David Zaslav-led company ‘unanimously reiterates’ support for Netflix deal

Warner Bros. Discovery (WBD) has urged shareholders to reject Paramount Skydance’s latest offer to buy the US studio, despite a $40bn (£29.9bn) personal guarantee from Larry Ellison.
The Oracle founder, father of Paramount Skydance chief exec David Ellison, agreed in late December to provide the hefty backstop in an attempt to persuade investors to eschew Netflix’s proposal to buy the studio and streaming assets in favour of Paramount’s attempt to acquire the entire company.
That move came after WBD said that the backstop provided by the Ellison family trust – which was included in Paramount’s 4 December proposal to WBD and the 8 December tender offer to WBD shareholders – was inadequate, and that the only fix would be a personal guarantee from the billionaire father of Paramount chief executive David Ellison.
That, however, has not persuaded the WBD board to change its decision to favour Netflix, with the HBO owner confirming today that it has “unanimously determined” that Paramount Skydance’s amended offer ”is not in the best interests” of the company or its shareholders.
‘Costs, risks and uncertainties’
In a letter to investors, the WBD board wrote that Paramount Skydance’s all-cash offer of $30 per share – valuing the entirety of WBD at $108bn – is “inferior given significant costs, risks and uncertainties as compared to the Netflix merger.”
The streamer’s 5 December deal struck with WBD would see Netflix acquire its film and television studios, HBO Max and HBO, but not Discovery Global. The agreement is a cash and stock transaction valued at $27.75 per WBD share, with a total enterprise value of $82.7bn.

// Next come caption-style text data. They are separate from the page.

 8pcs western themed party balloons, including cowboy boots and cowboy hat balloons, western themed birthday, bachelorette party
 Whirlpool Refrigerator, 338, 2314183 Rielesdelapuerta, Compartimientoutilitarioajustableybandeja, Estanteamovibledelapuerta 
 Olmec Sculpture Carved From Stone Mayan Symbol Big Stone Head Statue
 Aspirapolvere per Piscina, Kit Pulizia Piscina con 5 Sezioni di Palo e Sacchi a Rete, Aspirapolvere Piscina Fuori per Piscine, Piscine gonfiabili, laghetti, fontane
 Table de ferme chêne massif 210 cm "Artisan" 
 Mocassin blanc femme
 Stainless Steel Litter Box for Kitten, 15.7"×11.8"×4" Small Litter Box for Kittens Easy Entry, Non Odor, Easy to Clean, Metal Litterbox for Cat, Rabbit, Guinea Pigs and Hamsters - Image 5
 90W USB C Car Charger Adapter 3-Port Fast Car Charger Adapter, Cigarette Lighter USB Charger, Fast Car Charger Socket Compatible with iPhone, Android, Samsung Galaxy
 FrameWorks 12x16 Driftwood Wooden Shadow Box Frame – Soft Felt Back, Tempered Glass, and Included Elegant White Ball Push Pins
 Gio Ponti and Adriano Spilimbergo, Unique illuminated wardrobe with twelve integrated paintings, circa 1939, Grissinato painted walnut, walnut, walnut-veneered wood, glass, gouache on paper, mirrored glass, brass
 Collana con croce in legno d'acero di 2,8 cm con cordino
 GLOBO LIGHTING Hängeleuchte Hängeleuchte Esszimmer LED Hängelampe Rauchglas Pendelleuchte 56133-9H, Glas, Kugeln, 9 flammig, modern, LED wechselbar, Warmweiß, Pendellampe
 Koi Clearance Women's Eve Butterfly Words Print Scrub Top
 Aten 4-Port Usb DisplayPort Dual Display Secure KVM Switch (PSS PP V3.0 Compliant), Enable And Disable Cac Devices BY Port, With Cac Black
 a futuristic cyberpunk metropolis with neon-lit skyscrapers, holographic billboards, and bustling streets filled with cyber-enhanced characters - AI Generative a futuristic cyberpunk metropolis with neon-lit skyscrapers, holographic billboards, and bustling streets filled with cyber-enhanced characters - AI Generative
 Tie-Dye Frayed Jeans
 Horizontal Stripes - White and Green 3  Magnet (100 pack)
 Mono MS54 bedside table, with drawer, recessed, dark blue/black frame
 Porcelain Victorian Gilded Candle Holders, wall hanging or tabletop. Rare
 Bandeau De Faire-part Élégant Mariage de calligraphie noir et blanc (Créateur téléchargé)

WBD’s statement today claimed that the Elllison-led company’s revised offer did not meet the criteria of a “superior proposal” to Netflix’s, pointing to what it termed as “an extraordinary amount of debt financing” that could create a risk that the deal would not be completed.
WBD’s board pointed to Paramount Skydance – with a market cap of $14bn – “attempting an acquisition requiring $94.65bn of debt and equity financing,” versus Netflix’s $400bn market cap and a better credit rating.
Shareholders would also benefit from ownership in Discovery Global if the Netflix deal is completed, WBD said, but Paramount Skydance disputes the value placed against the cable network-dominated offshoot.
NBCUniversal recently spun off its cable operations into standalone entity Versant, but shares have shed more than 20% of their value since trading began earlier this year.
WBD’s letter also highlighted that terminating the Netflix deal ($2.8bn), debt exchange charges ($1.5bn), and additional interest ($350m) would cost shareholders approximately $4.7bn.
That would largely negate the fact that Paramount Skydance agreed to match Netflix’s termination fee of $5.8bn late last year, WBD said.
‘Best and final’ offer dispute
WBD’s rejection of Paramount Skydance’s latest revised offer comes three weeks after the company urged shareholders to support the Netflix buy-out.
At that time, the HBO owner’s board described the Paramount offer as “illusory” and doubled down on that language in today’s letter.
“Paramount Skydance has repeatedly failed to submit the best proposal for WBD shareholders despite clear direction from WBD on both the deficiencies and potential solutions,” the board wrote.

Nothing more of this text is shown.